:: INSTRUCTIONS TO FOLLOW ::
What is needed is an exact copy of the lines in the entries below from the one holding "Talk Show Virtual Set Red -- Camera 3" through the one holding "5PCS Pneumatic Fitting", pictures excluded.

:: RECORDS PROVIDED ::
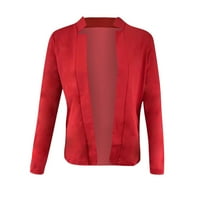 Ženska jakna Blazer Casual Rever Open Front Cardigan Blazer Plain Regular Fit Collorless Oboy Jacket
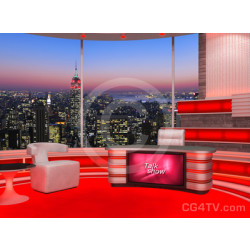 Talk Show Virtual Set Red -- Camera 3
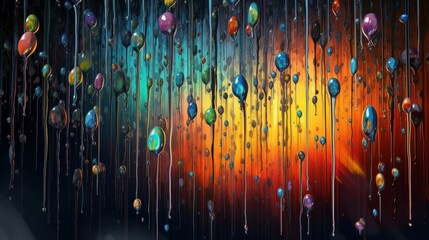 Colorful raindrops falling from the sky
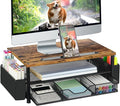 AUPSEN Wood Desk Organizers and Accessories, 2-Tier Computer Monitor Stand Riser with Drawer, Pen Storage & Phone Holder, Office Desk Accessories, Workspace Desktop Organization for Office Supplies（Brown）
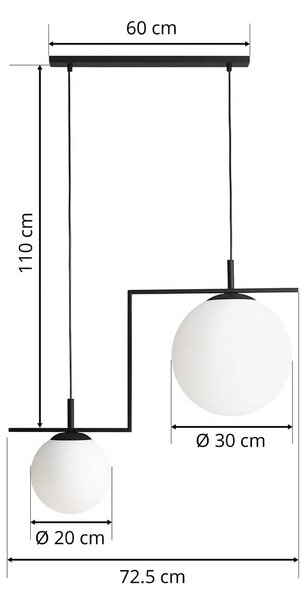 ALDEX Lógó világítás Zac, 2 izzós, fekete, dimmelhető, Fekete, Nappali / Étkező, fém, Modern
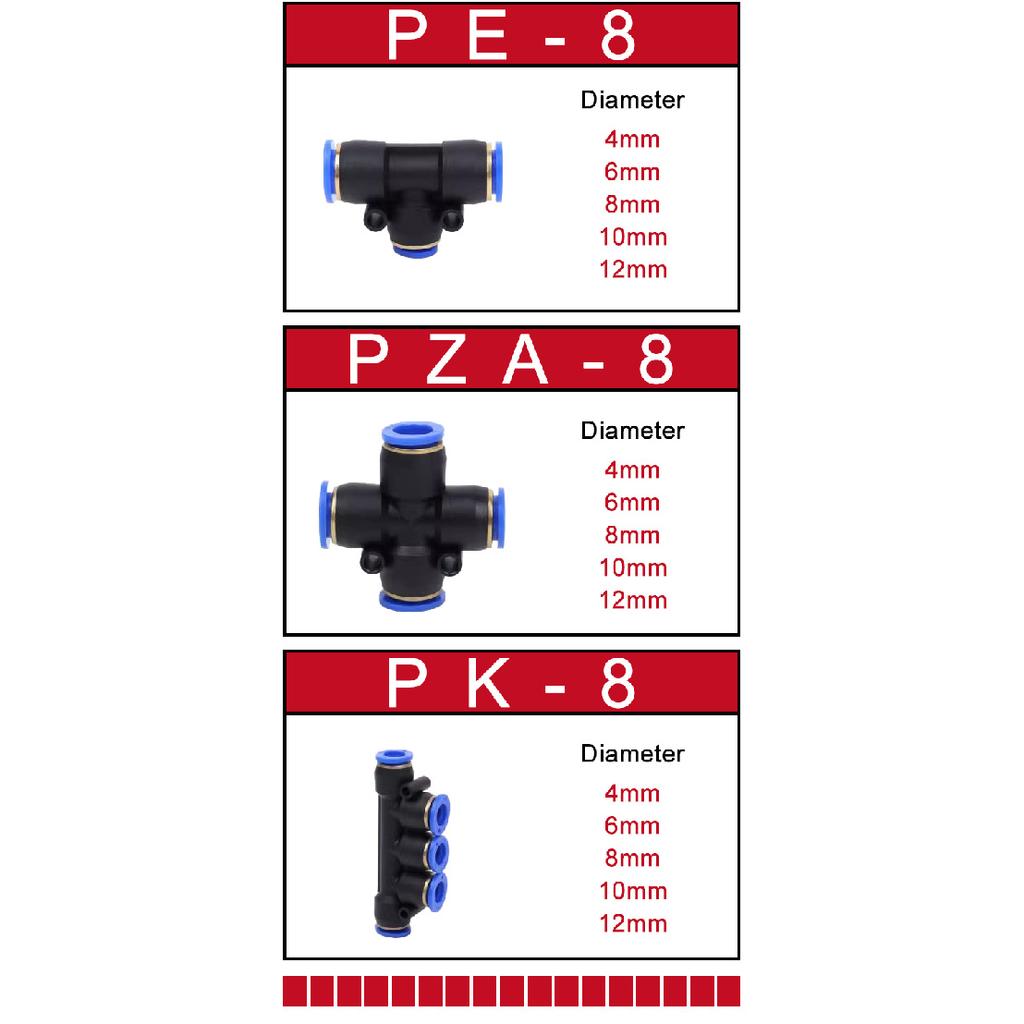 5PCS Pneumatic Fitting Pipe Connector Tube Air Quick Fittings Water Hose Couping 4 6 8 10 12 14mm PE/PU/PY/PK/PM/PZA/PV/SA Car Pressure Regulators 5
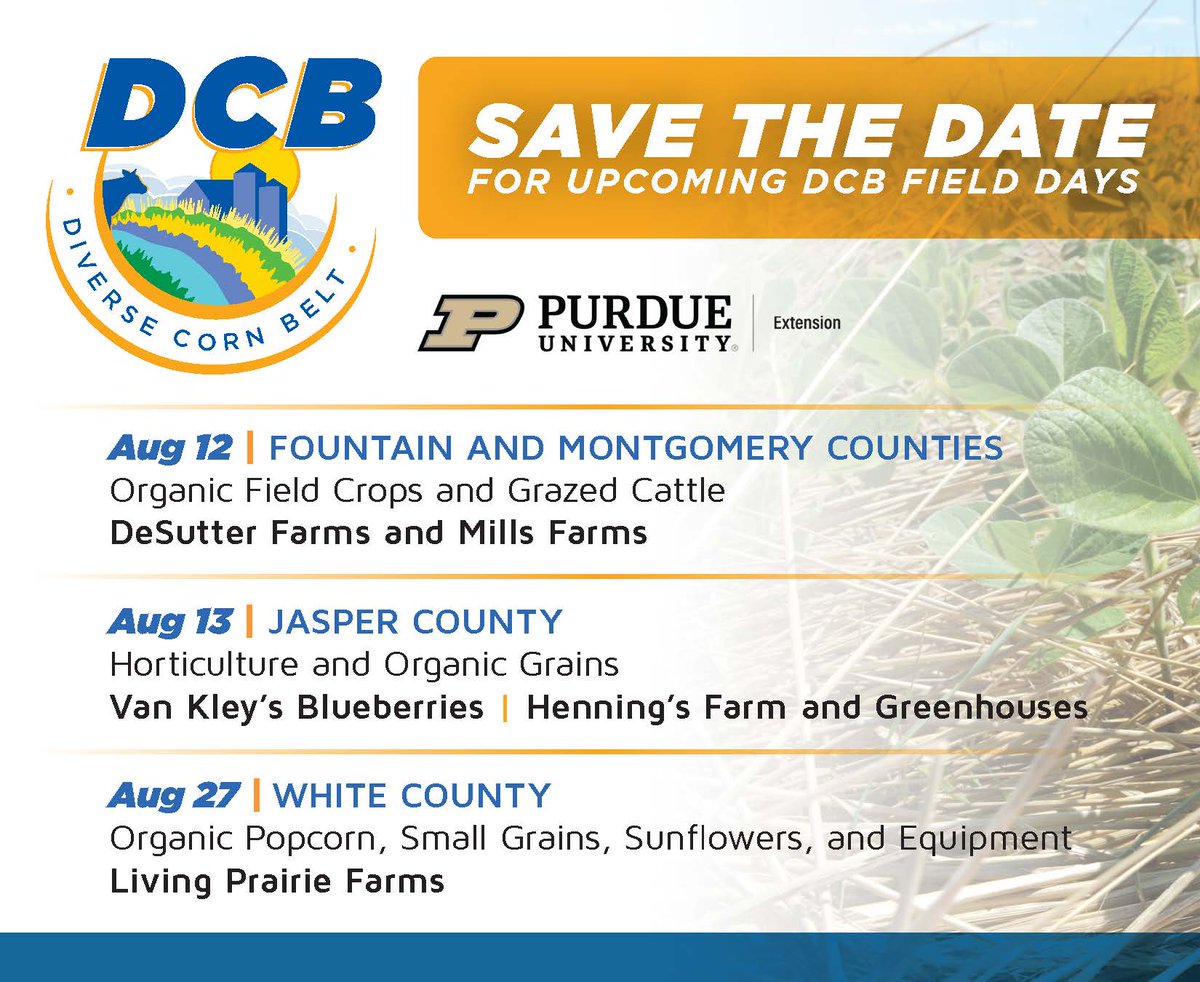 We have linked up with <a href="/diversecornbelt/">DiverseCornBelt</a> to offer three field tour opportunities in August to showcase what diverse agriculture looks like right here in Indiana. Save the Dates - registration information coming soon!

:: ANSWER SPACE ::
 Talk Show Virtual Set Red -- Camera 3
 Colorful raindrops falling from the sky
 AUPSEN Wood Desk Organizers and Accessories, 2-Tier Computer Monitor Stand Riser with Drawer, Pen Storage & Phone Holder, Office Desk Accessories, Workspace Desktop Organization for Office Supplies（Brown）
 ALDEX Lógó világítás Zac, 2 izzós, fekete, dimmelhető, Fekete, Nappali / Étkező, fém, Modern
 5PCS Pneumatic Fitting Pipe Connector Tube Air Quick Fittings Water Hose Couping 4 6 8 10 12 14mm PE/PU/PY/PK/PM/PZA/PV/SA Car Pressure Regulators 5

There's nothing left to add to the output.